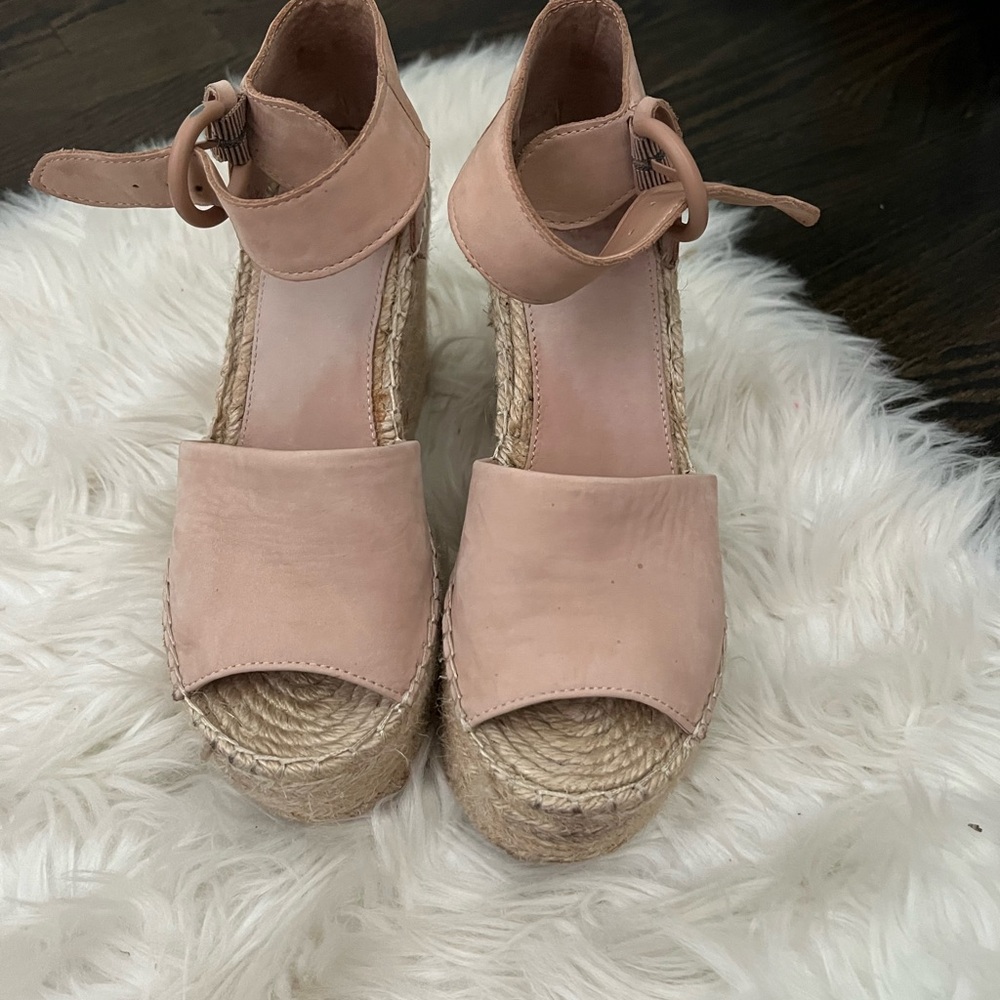 Marc Fisher espadrilles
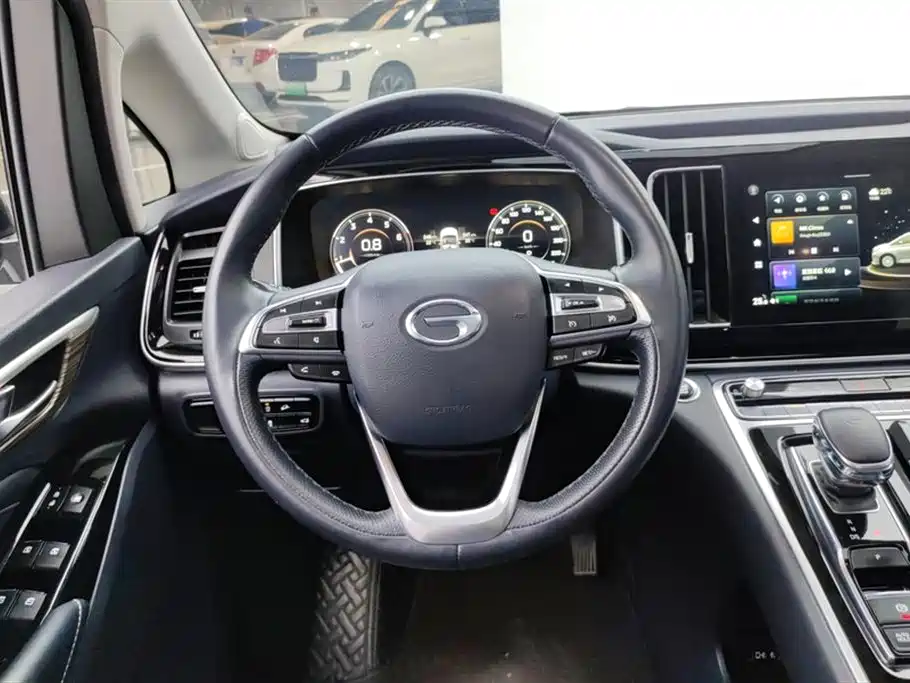 GAC Motor Trumpchi M8 2021 — фото 15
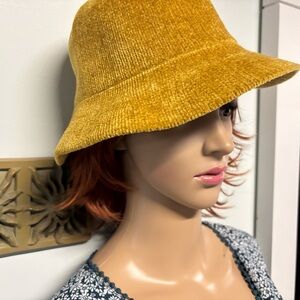 NWT❤️Jeanne Mustard Seed Bucket Hat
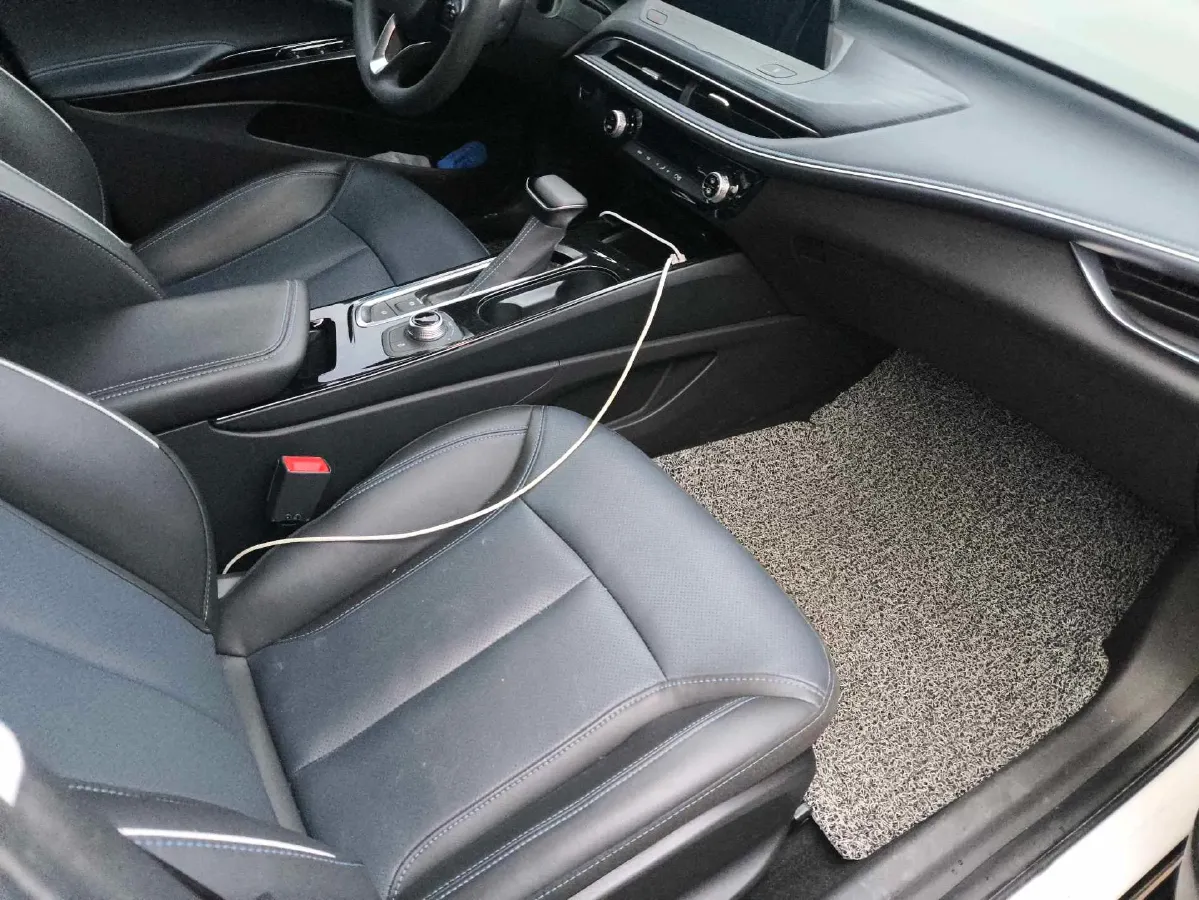 2024 Buick Velite 6 BEV 50.3KWH,autocango,china used car exporter,china ev exporter,chinese used car exporter,chinese used ev exporter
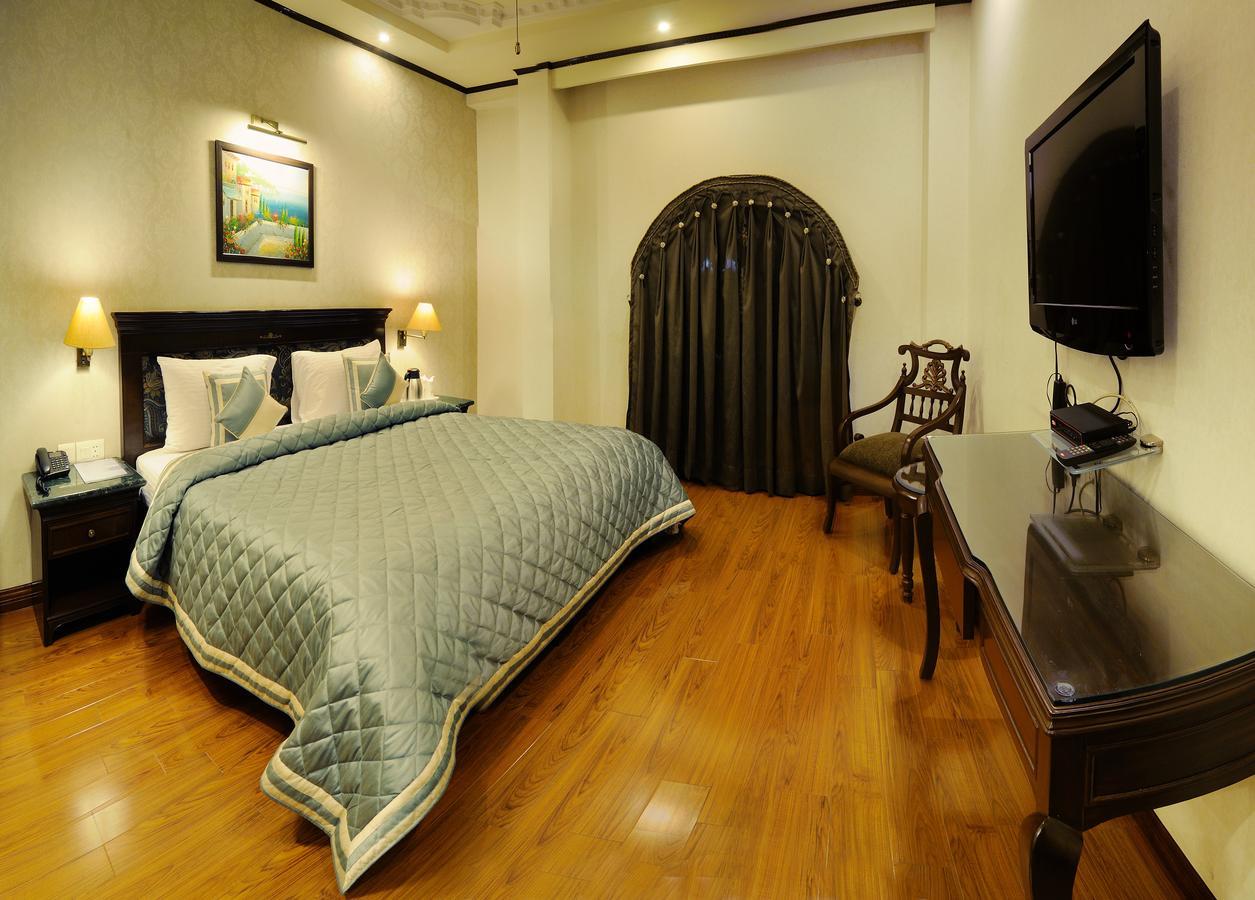 Hotel Diplomat Residency Ню Делхи Екстериор снимка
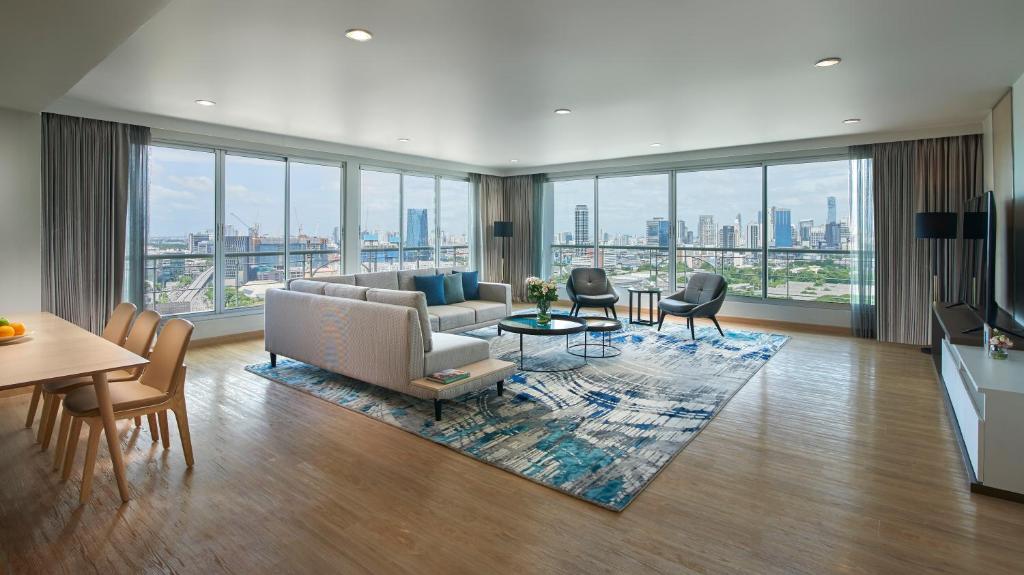 Posezení v ubytování Shama Lakeview Asoke Bangkok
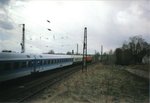 InterRegio auf der Strecke Leipzig - Hof zwischen Neumark und Reichenbach (Vogtl) ob Bf; im Vordergrund das Gleis der Strecke Neumark - Greiz zwischen Neumark und Brunn
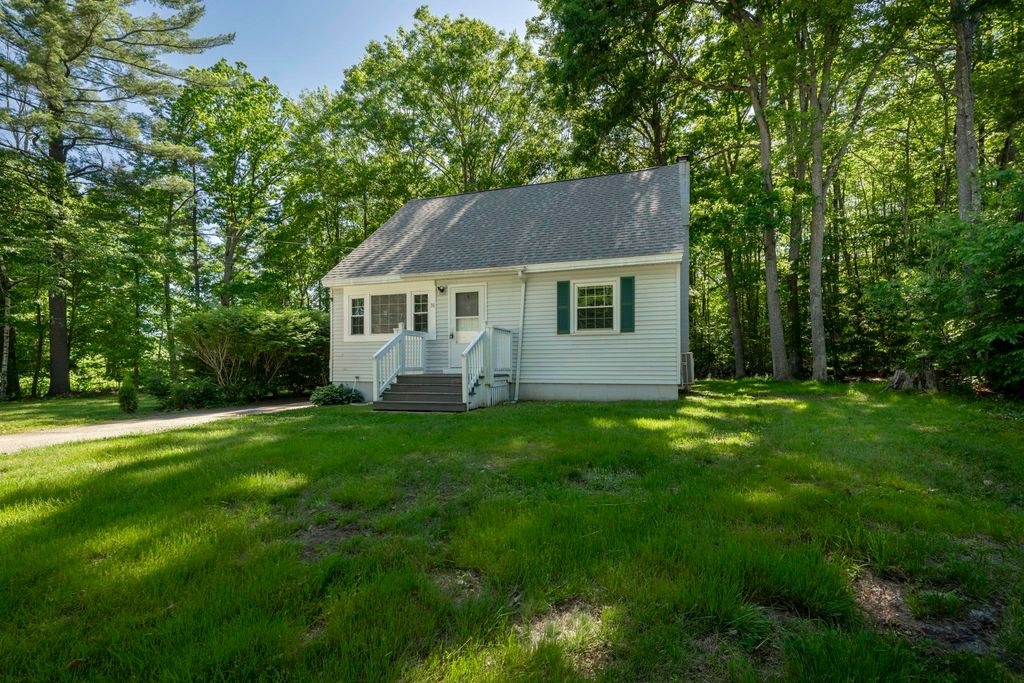 38 Duffy Street, Franklin, NH 03235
————————
• **What you should do**
Pictures do not go in the copy; print every entry exactly as it stands.

• **Response area**
 Marc Fisher espadrilles
 GAC Motor Trumpchi M8 2021 — фото 15
 NWT❤️Jeanne Mustard Seed Bucket Hat
 2024 Buick Velite 6 BEV 50.3KWH,autocango,china used car exporter,china ev exporter,chinese used car exporter,chinese used ev exporter
 Hotel Diplomat Residency Ню Делхи Екстериор снимка
 Posezení v ubytování Shama Lakeview Asoke Bangkok
 InterRegio auf der Strecke Leipzig - Hof zwischen Neumark und Reichenbach (Vogtl) ob Bf; im Vordergrund das Gleis der Strecke Neumark - Greiz zwischen Neumark und Brunn
 38 Duffy Street, Franklin, NH 03235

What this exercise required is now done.